▶ **Source material**:
■ ■ ■

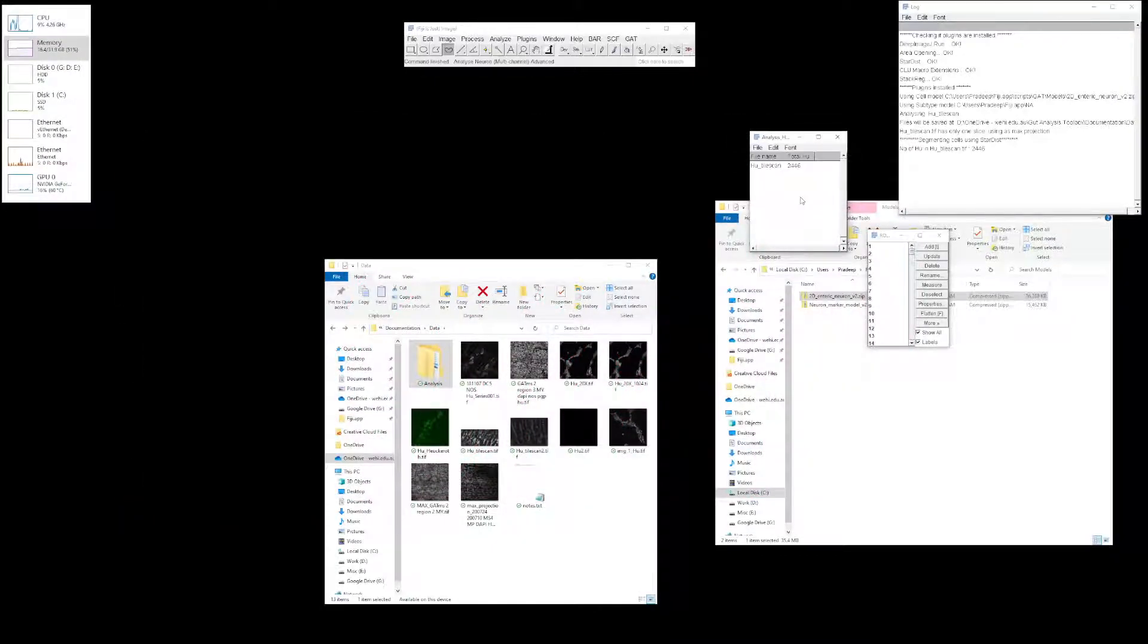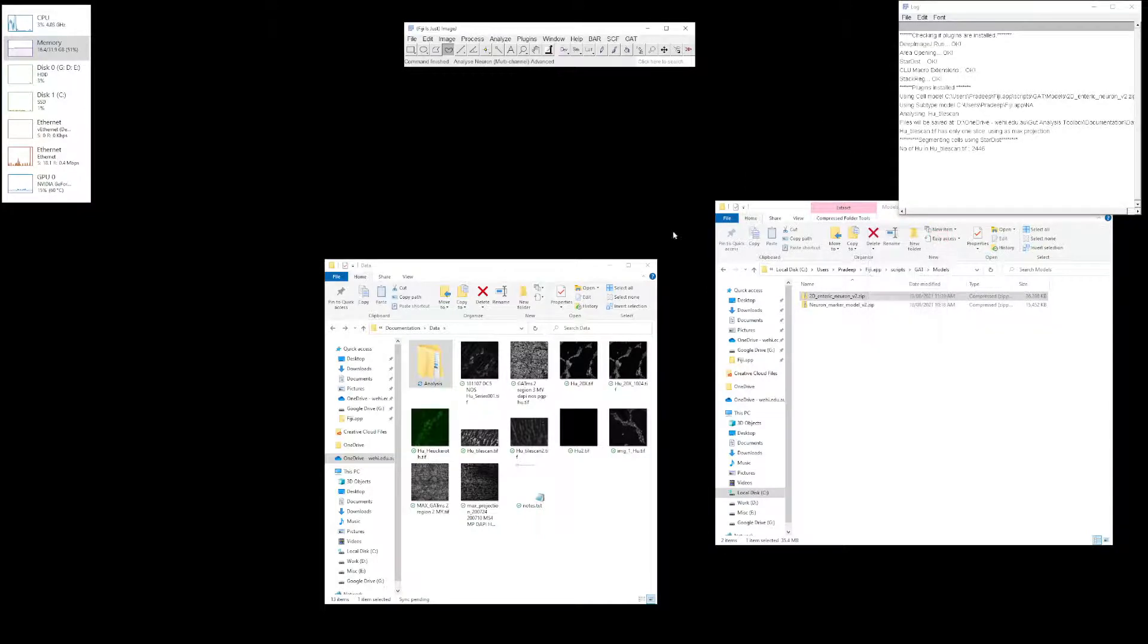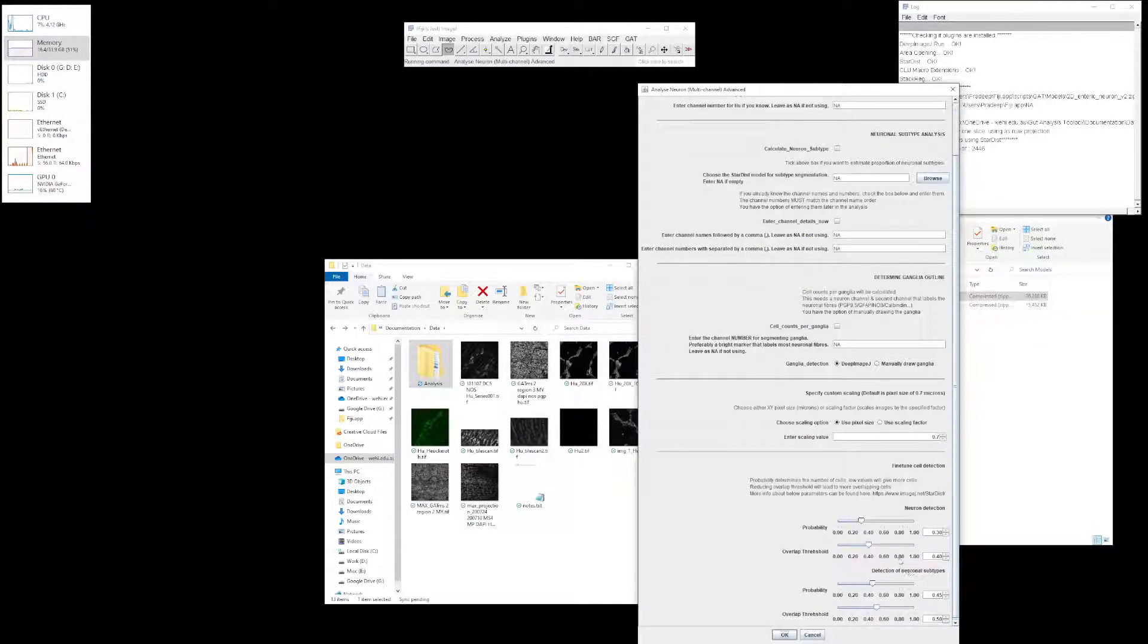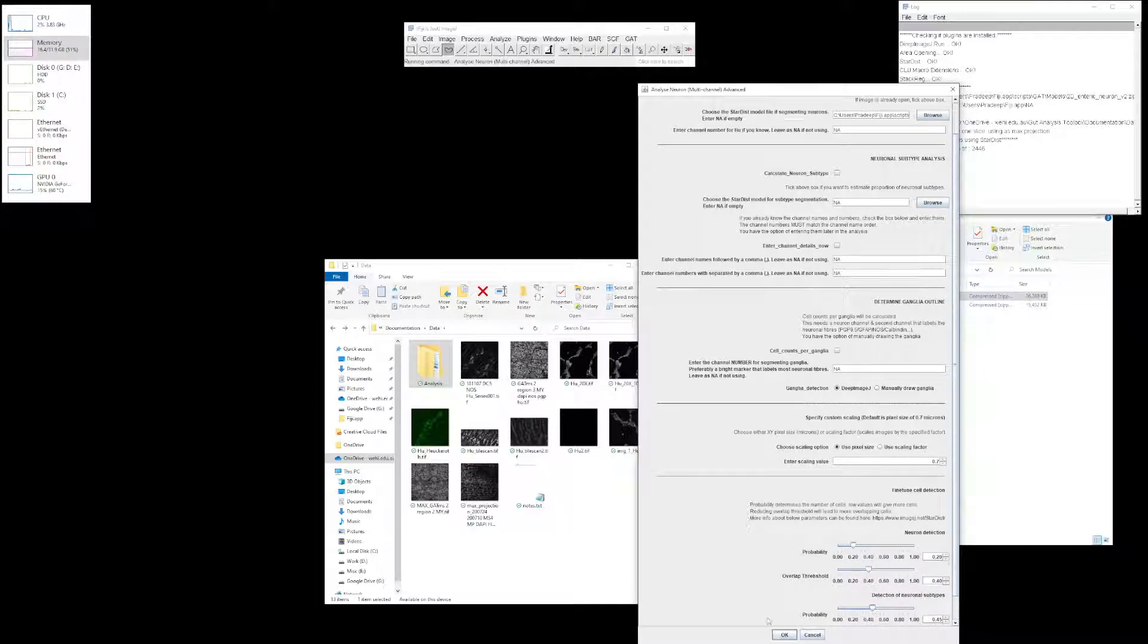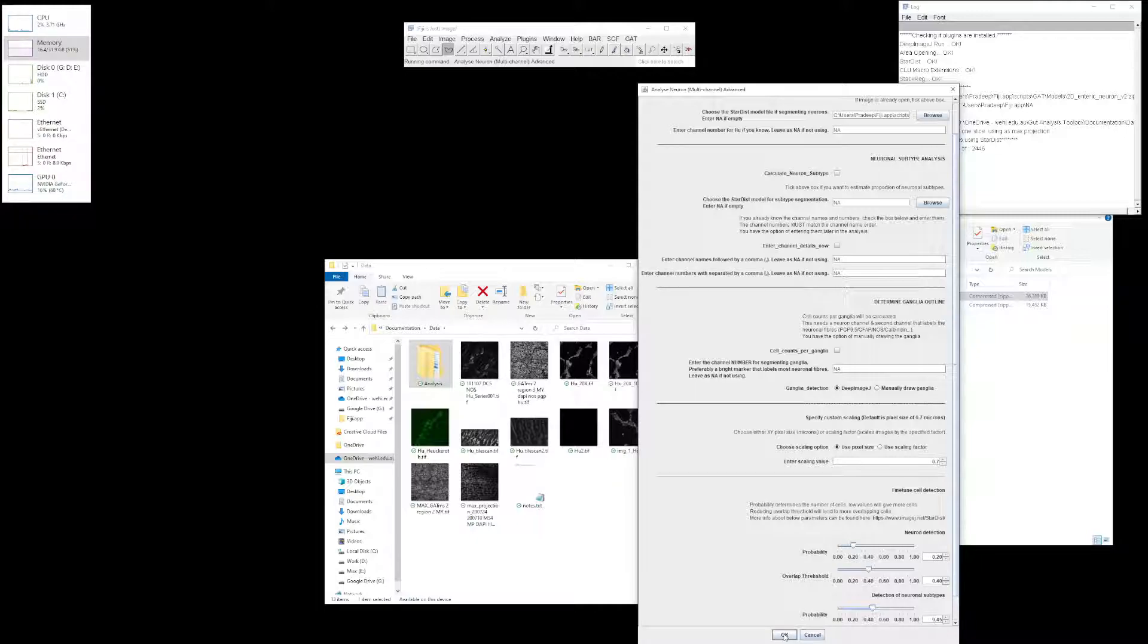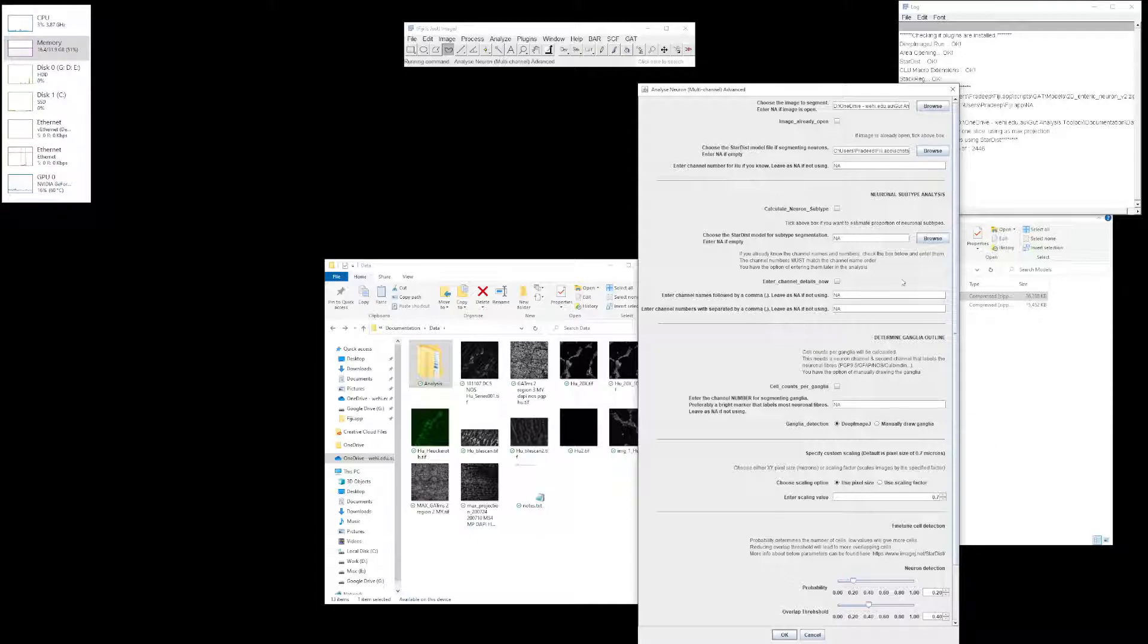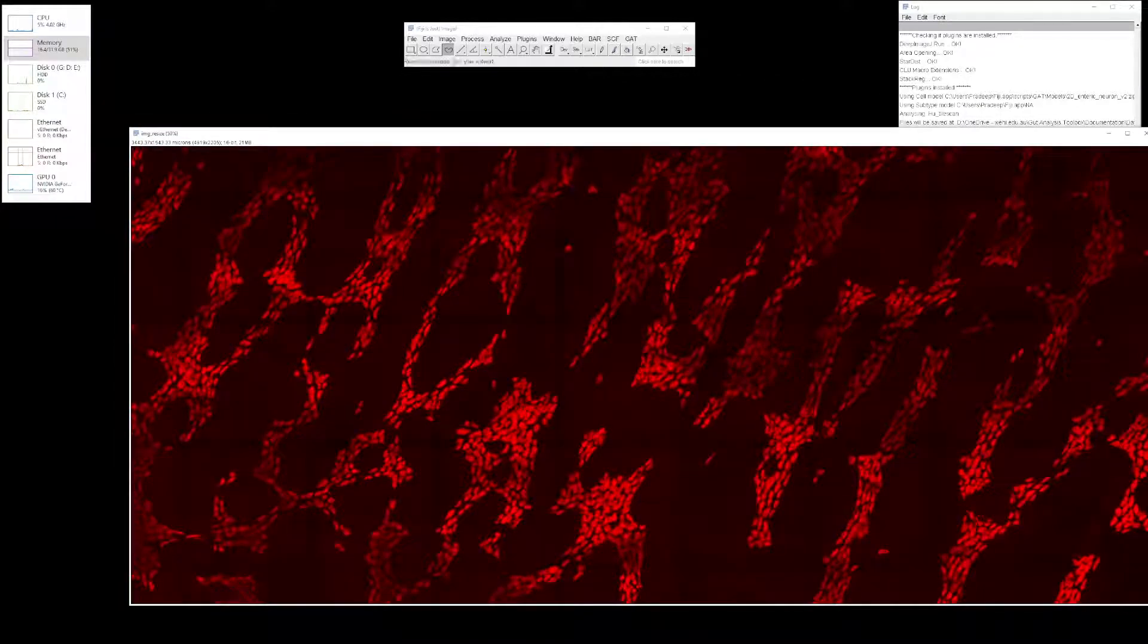In this case, I want to try to reduce my probability again. I'll go to advanced and go to the bottom. I'll reduce it to maybe 0.2. This is quite trial and error. Once you figure out what works, you can stick to that. One advantage is when you do your analysis, once you've entered the parameters here, you don't need to change it every time. Fiji remembers it. Let's see if this improves it.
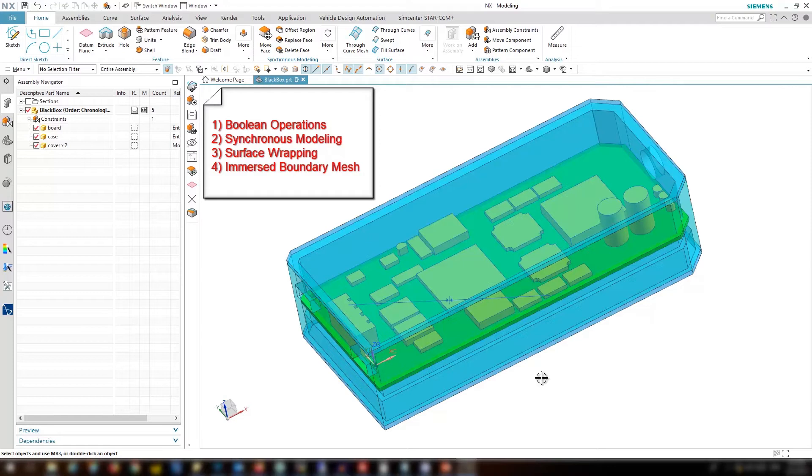Synchronous modeling where you can easily modify the geometry by deleting, moving, replacing faces, or other actions.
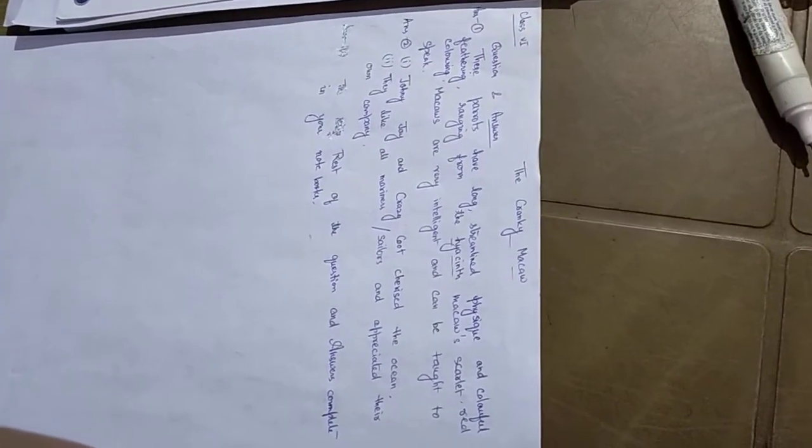Coming to the next question, give two proofs from the story that indicate that Johnny J and Crazy Coot were not used to living among lots of people.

■ ■ ■

▶ **Your assignment**: Please give again only those lines that run from the one containing "Synchronous modeling where" through the final line of the listing, both included, exactly as written and without pictures.

▶ **Output of the exercise**:
Synchronous modeling where you can easily modify the geometry by deleting, moving, replacing faces, or other actions.
Coming to the next question, give two proofs from the story that indicate that Johnny J and Crazy Coot were not used to living among lots of people.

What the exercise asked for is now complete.